We showed previously that excess GCs and NE kill leukocytes (Lucin et al., 2007; Lucin et al., 2009). Because recurrent activation of SPNs during bouts of AD should cause GCs and NE to accumulate in the circulation and spleen, we predicted that AD-induced changes in GCs/NE would correlate with the development of post-SCI immune suppression. In support of this hypothesis, we found that blood CORT (endogenous GC in mice) and splenic NE levels increased significantly 15–35 dpi after T3 SCI, when the frequency of spontaneous AD increases >2-fold (∼12–25 episodes/d; Fig. 2). Circulating CORT and splenic NE also were elevated after T9 SCI; however, significant differences were not evident until 28 dpi and then were at least 30% lower than in T3 SCI mice.

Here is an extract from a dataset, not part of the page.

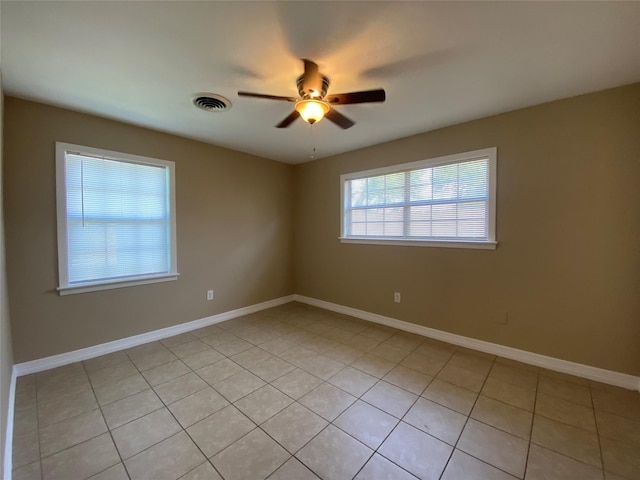 2512 Pine St, Galveston, TX 77551 - spare room with a ceiling fan and light tile patterned floors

Concentrations of circulating CORT and splenic NE increase as the frequency of spontaneous AD increases. A, RIA analysis of CORT levels in serum from mice at 0, 15, and 28 dpi (n = 3–4/group). B, HPLC analysis of splenic NE levels at 21 and 35 dpi (n = 5/group). Extraction efficiency and system recovery was 93.3%. *p < 0.05; **p < 0.01; ***p < 0.001.
In T3 SCI mice, postinjury elevations of CORT and NE were associated with progressive splenic atrophy and leucopenia (Fig. 3). By 5 weeks postinjury, spleen volume and weight decreased 20–40% in all T3 SCI mice, a change due in part to marked loss of splenic white pulp (the region containing white blood cells; Fig. 3). Quantitative cytofluorimetric analyses revealed the breadth and magnitude of leukocyte depletion caused by T3 SCI (Fig. 4). Total numbers of splenic leukocytes decreased 50–70% between 3 and 5 weeks postinjury. All leukocyte subpopulations were affected by T3 SCI; however, B lymphocytes were the most severely depleted at both 21 and 35 dpi (Fig. 4). On average, spleens from T3 SCI mice had ∼9–15 million fewer splenic B cells than sham-injured or T9 SCI mice.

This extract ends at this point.